Have I been using a system of sorts this whole time without knowing it?


----------



## white_goodman (29 May 2008)

ill be interested to see responses to this, my "system" atm is basically copying my dads trades with some success lol


----------



## tcoates (29 May 2008)

It covers the items that you mention below such as position sizing and money management. One starting point is here...

http://www.investopedia.com/university/tradingsystems/default.asp

Tim


----------



## tcoates (29 May 2008)

And...

http://www.mfglobal.com.au/documents/tutorials/DevelopTradePlan/index.asp

Tim


----------



## Santob (29 May 2008)

tcoates, great links. Thanks for that.


----------



## Trembling Hand (29 May 2008)

All the money management entry & exit stuff is all fine.....ya ya yah

But a trading system is nothing unless you have proof that it works. And not some crap from a guru that wrote a book 15 years ago. Or a couple of chart patterns that you think give you an edge. Either back-testing or real time sim if a short term system. If you haven't got the proven results and know why you got them you haven't got a system. With that as a prerequisite how many that think they have a system now haven't??


----------



## white_goodman (29 May 2008)

Santob said:


> tcoates, great links. Thanks for that.




seconded


----------



## tcoates (29 May 2008)

> All the money management entry & exit stuff is all fine.....ya ya yah



Think the problem is that people see the money they can (could) make on the market and go "I can do that". After all, if you got a bit of cash, throw it in. It is not like you need to do an interview first to determine your ability or suitability. But that is all covered in your "You're not smart enough" thread.

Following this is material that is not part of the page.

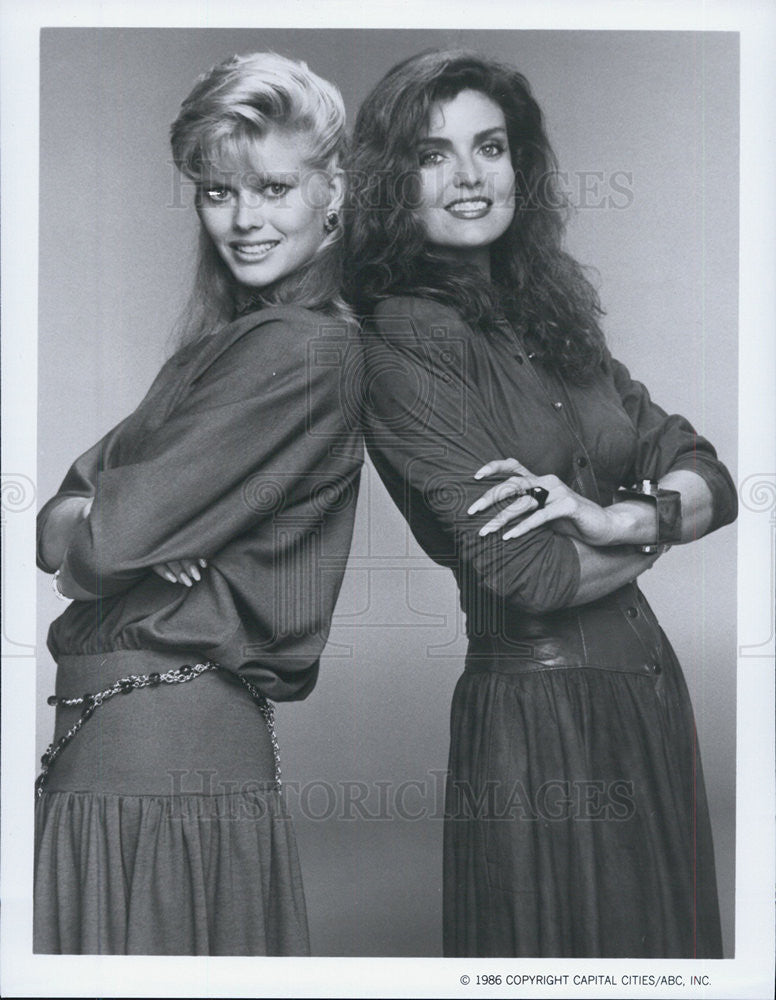 1986 Press Photo Claire Yarlett Tracy Scoggins The Colbys Television Show - Historic Images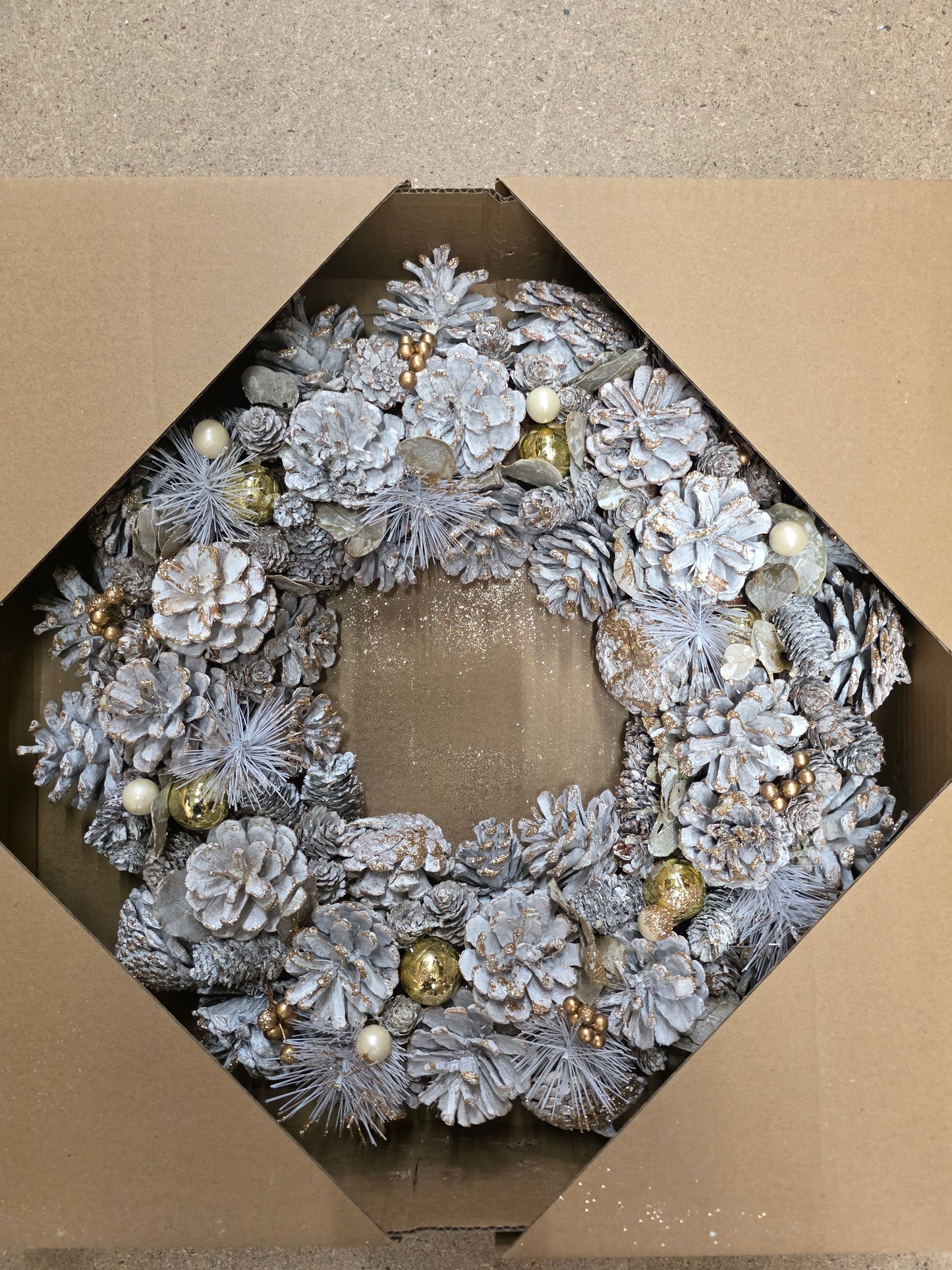 Wreath Dried Hanley White 45cm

> But a trading system is nothing unless you have proof that it works. And not some crap from a guru that wrote a book 15 years ago.



Depends on who the guru is  Would like think that core concepts like 2% rule (covered by Elders and Van Tharp?) would stand the test of time.



> With that as a prerequisite how many that think they have a system now haven't??



Because trading is so easy (sarcasm) why bother. see also first paragraph. 

I think the original poster(s) for this thread wanted a starting point. And recognizing this they needed a plan (of some sort) did the right think and starting asking questions.

Tim


----------



## white_goodman (29 May 2008)

Trembling Hand said:


> All the money management entry & exit stuff is all fine.....ya ya yah
> 
> But a trading system is nothing unless you have proof that it works. And not some crap from a guru that wrote a book 15 years ago. Or a couple of chart patterns that you think give you an edge. Either back-testing or real time sim if a short term system. If you haven't got the proven results and know why you got them you haven't got a system. With that as a prerequisite how many that think they have a system now haven't??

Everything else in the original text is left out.